And supper being ended,…He poureth water into a basin, and began to wash the disciples’ feet, and to wipe them with the towel wherewith he was girded.
I call this “the Zen act.” What is a Zen act? – a Zen act is an act in which you say that which cannot be said in any other way. There are things which can be said, there are things which cannot be said, and there are things which can only be acted upon. Through action, total action, they can be said; there is no other way to say them. In Zen, the master always gives a certain problem for the disciple to find out the answer to. They call it a “koan.” The disciple goes on finding out answers, and comes again and again, every morning, to see the master and to give his answer. But the master goes on saying, “No, this is not the answer.” Sometimes it happens that even before the disciple has said anything the master says, “No, this is not the answer.” Sometimes this too happens: the disciple is coming, he is just outside the door and the master shouts from inside, “No, this is not the answer.” Only later on, when the disciple becomes enlightened, does he understand what was the matter – the master had given a problem which could not be answered verbally. You can act upon it. Only action can answer it, nothing else, because only action can be total.

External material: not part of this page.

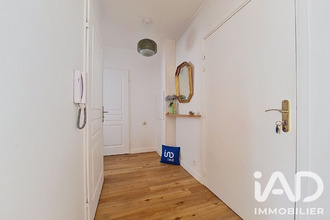 achat appartement bailly-romainvilliers 77700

Have you ever watched a small child in anger? That is total action; it is not only in the head. Every fiber of his body vibrates with anger – ready to explode, red in the face, as if capable of destroying the whole world – so tiny but so full of atomic energy. Watch a child in anger and you will see what total action is. Or, watch a lover who is in deep love: the mind stops. Even holding the hand of his beloved he is saying something which cannot be said. The very touch shows something, shows something which is beyond words, and the act is total. In anger, in love, in sadness, in bliss, sometimes it happens that the action is total. In dancing, when the dancer disappears and only the dance remains, then the action is total. And a total action is beautiful because a total action is no longer from you. The moment you are total, God is flowing through you.